On July 30, the FDIC Board of Directors proposed a rule change that could significantly alter how banks classify deposits associated with third-party service providers. In short, the new rules would greatly expand the amount of brokered deposits, as well as the number of third-party deposit brokers — walking back key elements of the 2020 final rules. The FDIC cites the large bank failures of 2023 and the recent collapse of Synapse Financial as justification for the policy shift. 

Of course, it’s appropriate for the FDIC, government officials, banking leaders and consumer protection groups to be searching for solutions to prevent incidents like these in the future. Yet these new rules are misguided. Rolling back the progress made on brokered deposits in 2020 would not have prevented the recent failures and will hurt the very financial institutions the FDIC claims to be trying to help: community banks.

Reid Thomas image
Reid Thomas

Brokered deposits aren’t the problem 

Brokered deposits did not contribute to the bank failures in 2023. Rather, it has been well documented that a key driver for the run on these banks was extraordinarily high amounts of uninsured deposits. The percentage of brokered deposits at each bank before their collapse was very small: Close to 0 percent in the case of Silicon Valley Bank and less than 7 percent in the case of First Republic. In fact, the bank runs proved that brokered deposits, the majority of which were FDIC insured, were among the most stable.

It’s also worth asking: Why did the FDIC mention Synapse in its proposed rulemaking notice? The banks behind Synapse are not failing, and the Deposit Insurance Fund is not at risk of having to pay. By all accounts, it looks like Synapse was poorly run and lacked proper controls to meet the promise to their customers. The Synapse failure had nothing to do with whether deposits were classified as brokered or not.
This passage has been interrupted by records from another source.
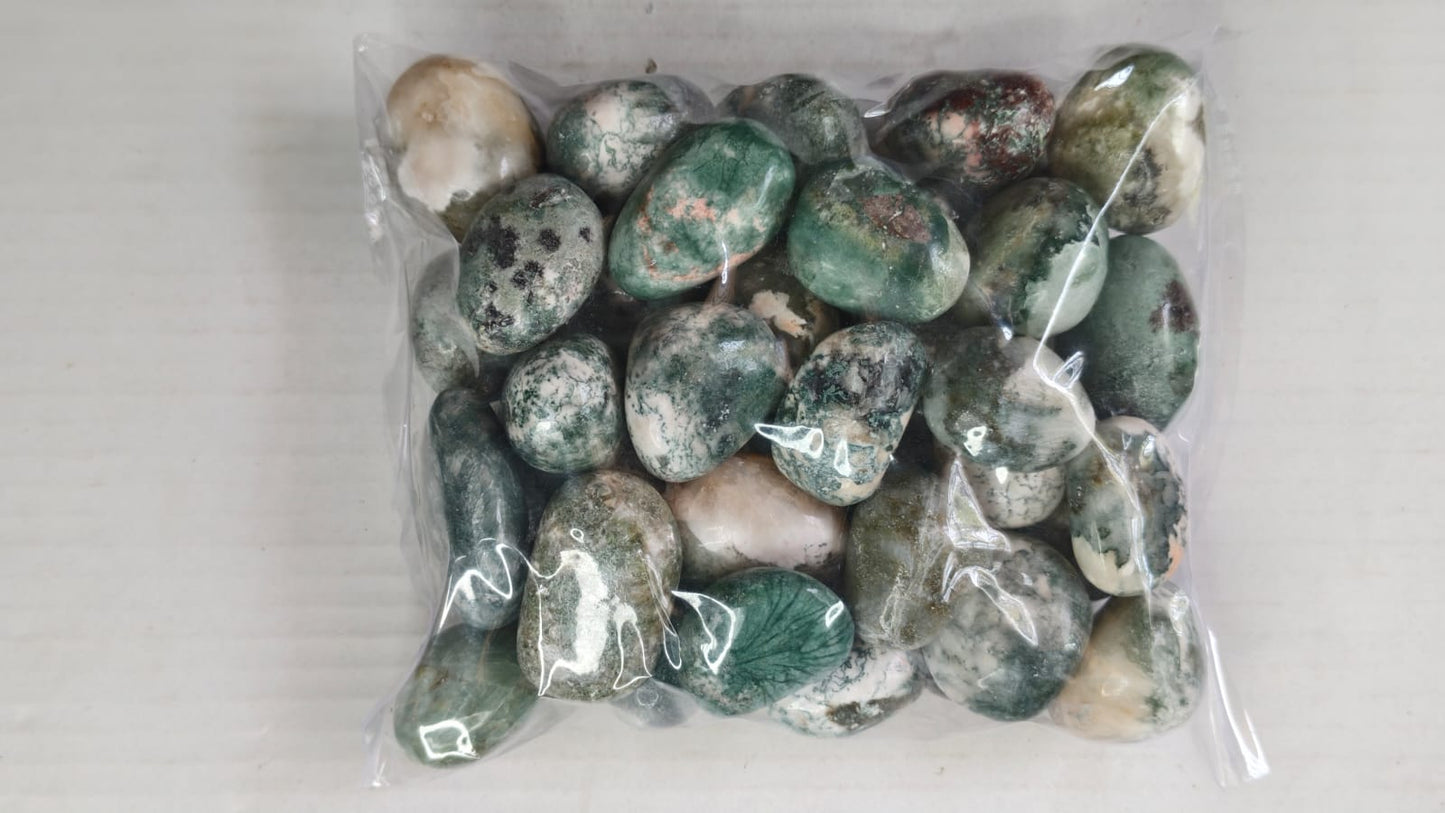 GREEN HEULANDITE TUMBLE STONES - 1 KG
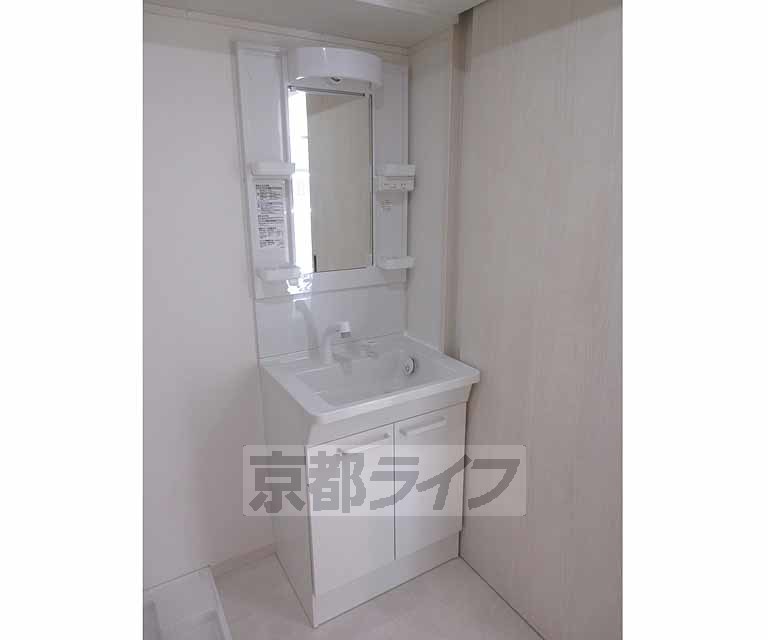 洗面設備　うれしい独立洗面台です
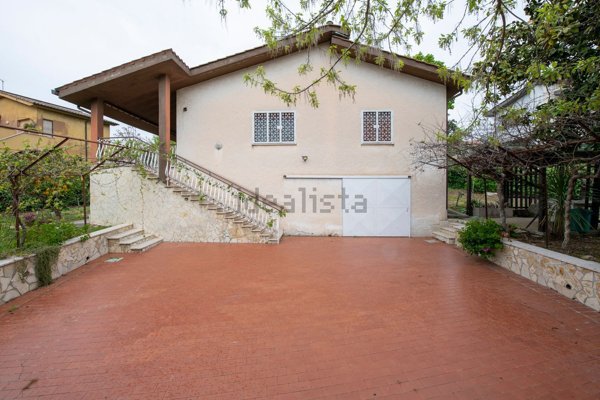 casa indipendente in vendita a Cerveteri in zona Valcanneto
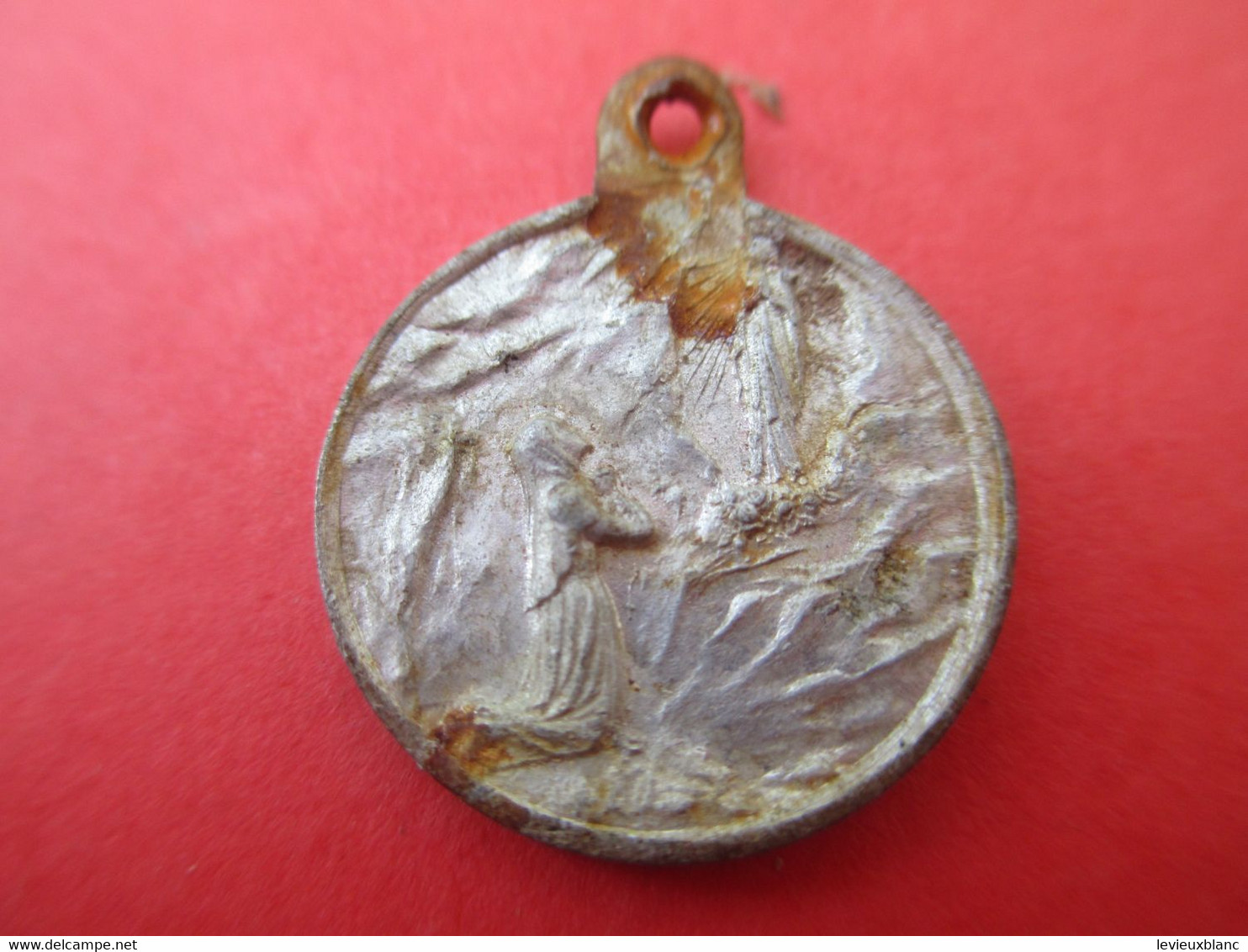 Petite Médaille Religieuse Ancienne/Bernadette Soubirous/Vierge De Lourdes/Aluminium  /Début XXéme             CAN622 - Godsdienst & Esoterisme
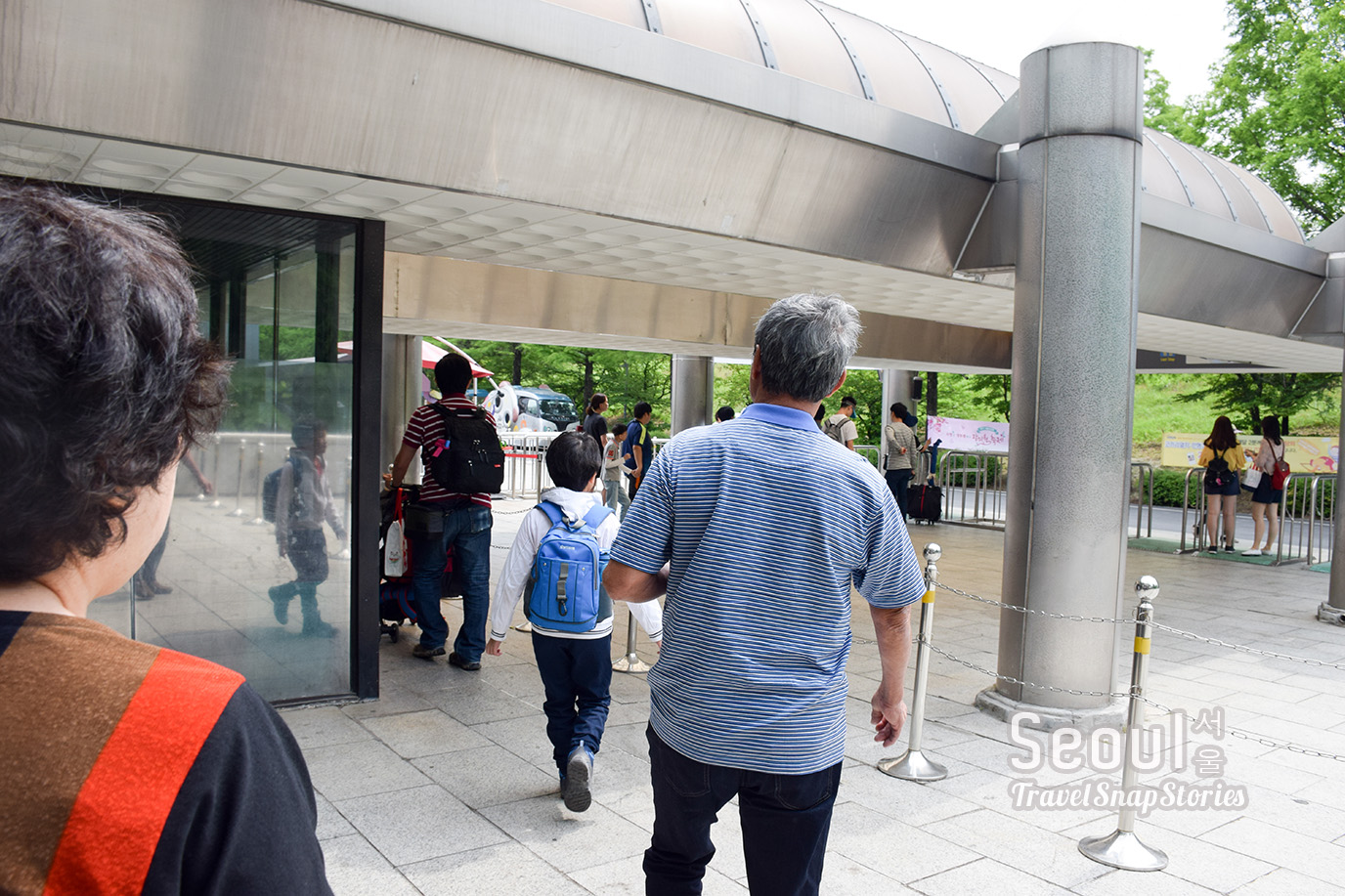 TSSSeoul_07goingtothetram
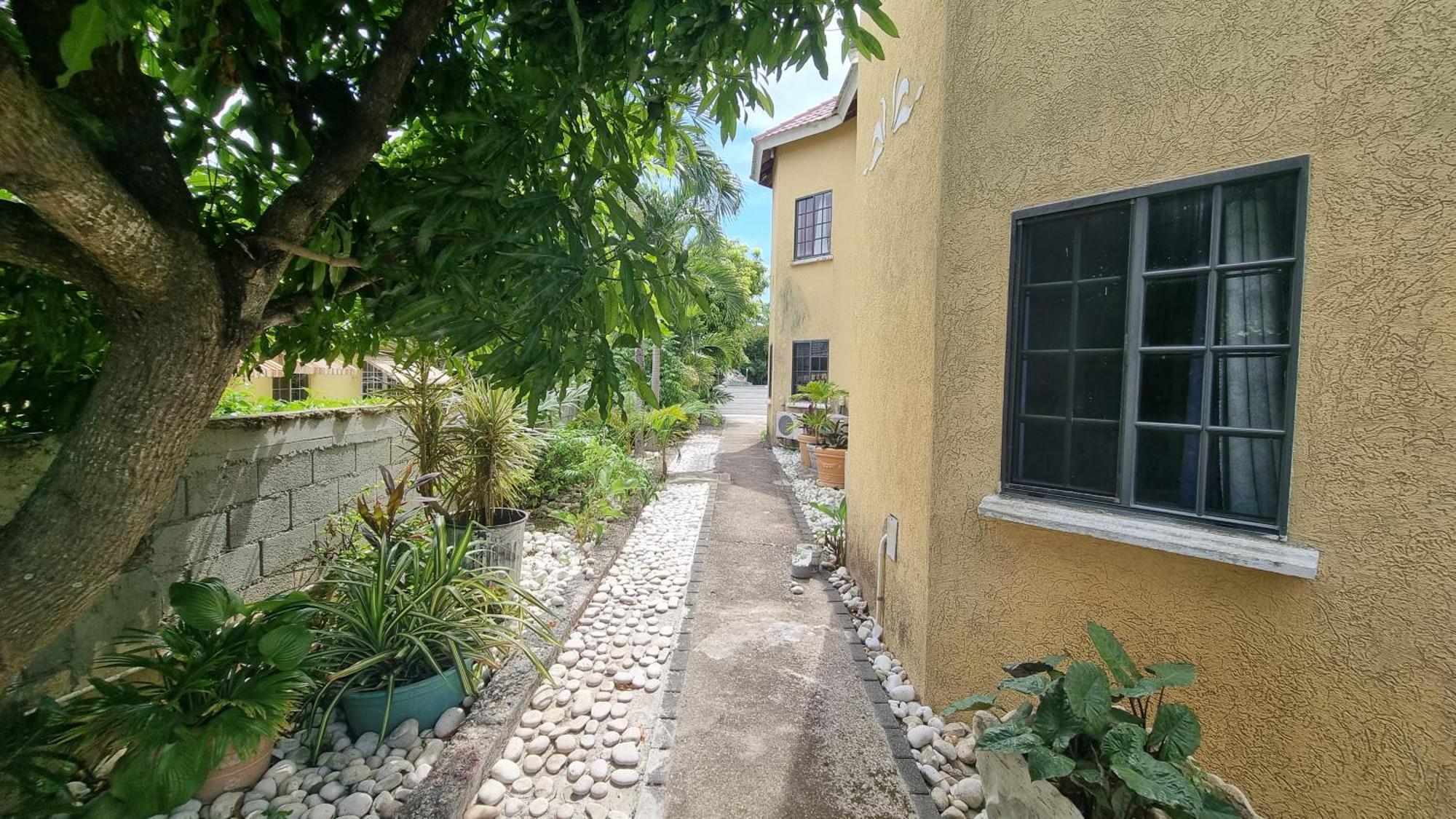 Little Savoy Guest House New รันอเวย์เบย์ ภายนอก รูปภาพ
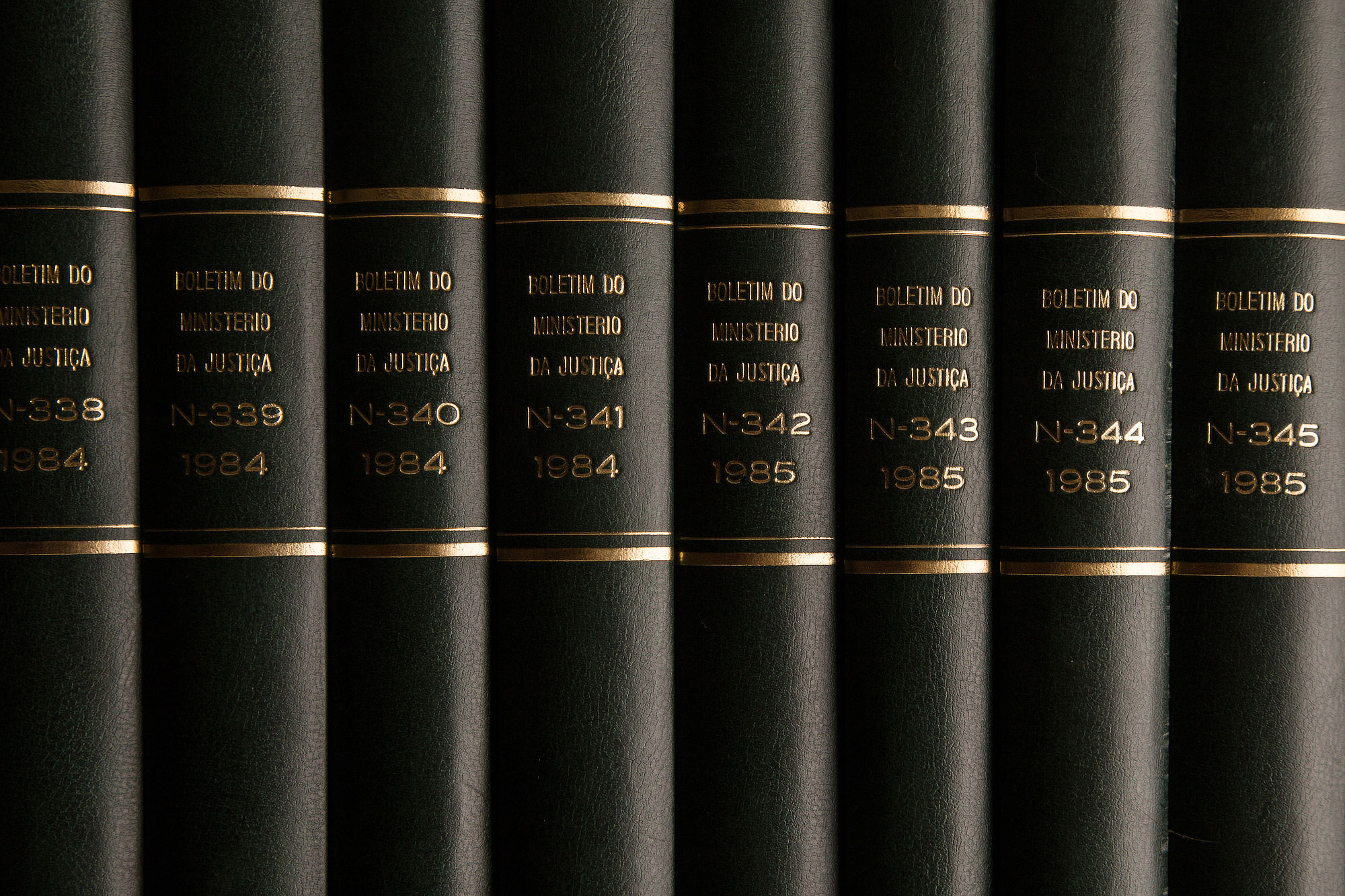 Livros representando conhecimento em Machado Ruivo & Associados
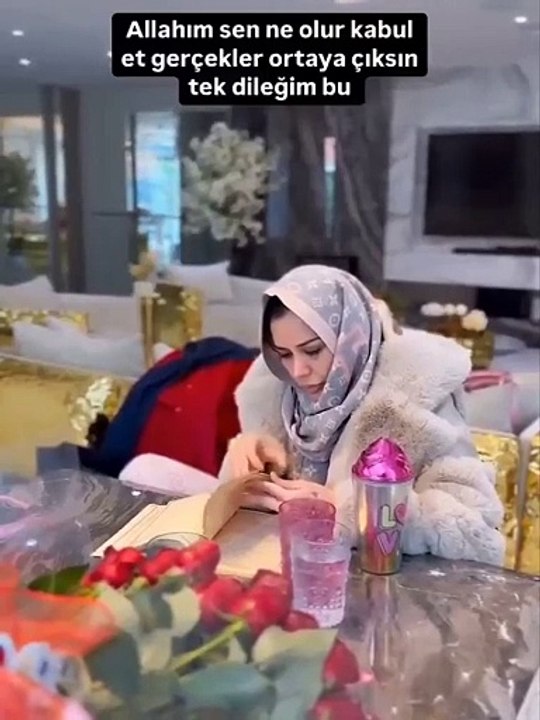 Bir gün Anıtkabir bir gün Umre! Her tuşa basıyor: Dilan Polat Kur’an-ı Kerim’i Tersten Okudu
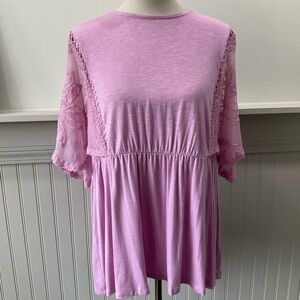 NWT Torrid Pink Babydoll Blouse Size 1 Lace Sleeve Stretch Tunic Top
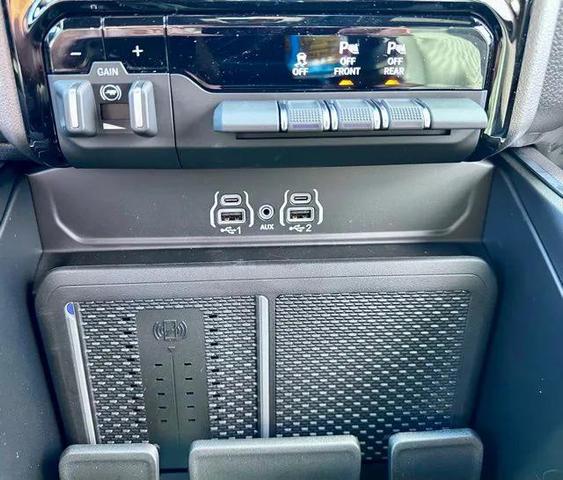 Photo of 2026 Bright White Clearcoat RAM 1500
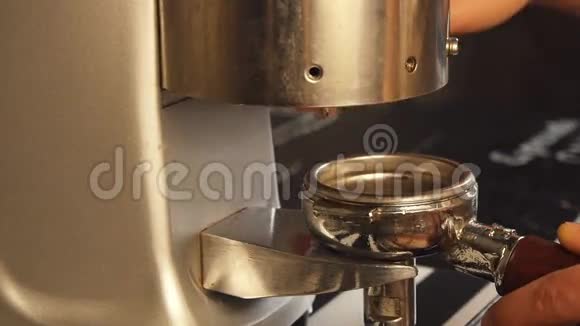 咖啡师慢慢磨咖啡视频的预览图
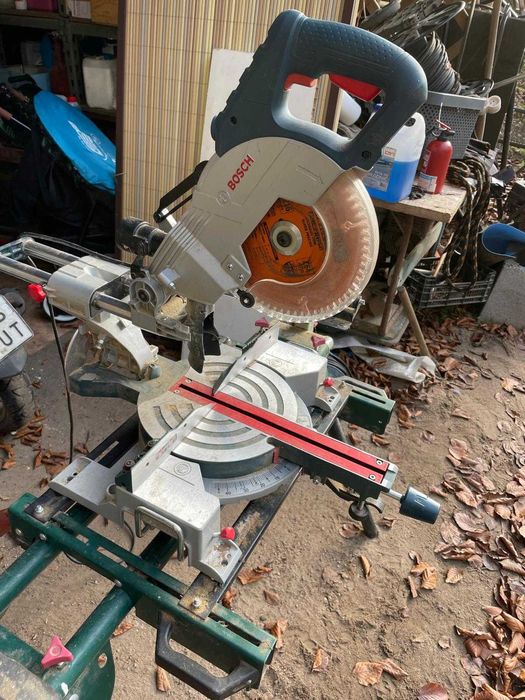 Piła ukosowa ukośnica BOSCH GCM 800 + stół + tarcza CMT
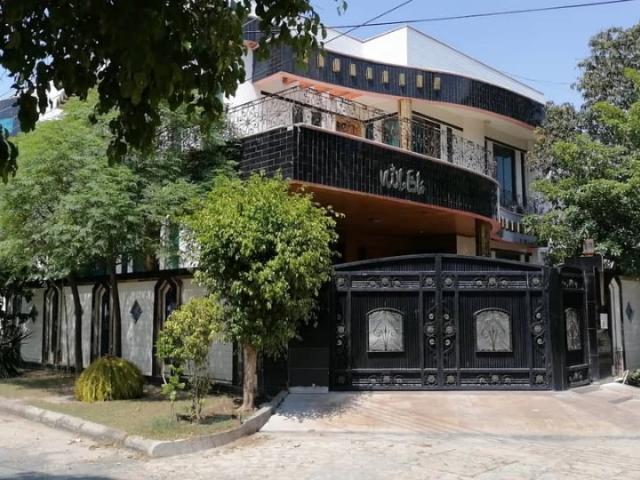 1 Kanal House Situated In Valencia Block B For sale Lahore VALENCIA TOWN ID 78987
The rise of fintech, however, does speak to the ill-advised nature of the proposed rule changes. Nearly 1.3 million account holders now use services through Banking-as-a-Service (BaaS) companies to meet their needs. To classify any funds deposited at a bank through a third-party service provider as brokered — as the proposed rules would — is at worst anti-innovation and at best lazy. There are a wide range of financial applications that aggregate deposits as a byproduct of the service, and in most cases such deposits are the opposite of “hot money.” If anything, the bank failures of 2023 show that these deposits are a legitimate and stabilizing tool for well-run financial institutions to fund their banking activities.

Proposed rules present significant challenges to community banks 

For community banks, the proposed rule change presents a significant challenge. While the FDIC aims to clarify what constitutes a brokered deposit, the proposed reclassification adds a new layer of complexity for smaller institutions, which will have to file notices and applications for primary purpose exceptions

This extra administrative burden will increase community banks’ costs. At the same time, classifying a wider breadth of deposits as brokered will result in higher assessment fees, further straining their resources. All this diverts focus from their primary mission: serving their communities.

It is crucial to protect consumers and ensure that both fintechs and banks operate safely and soundly. However, overregulation is not the solution. Rather, fostering stronger relationships between fintechs and banks is essential. By encouraging collaboration and providing oversight through regulatory sandboxes, the industry can test new products in a controlled environment, ensuring safety for both banks and their customers.

While the FDIC’s intentions are rooted in consumer protection, the proposed rule change could unintentionally harm community banks. A more nuanced approach is needed — one that balances the need for innovation with the imperative of maintaining a stable banking system.

Thomas is Chief Strategy Officer at deposit management services firm Ampersand.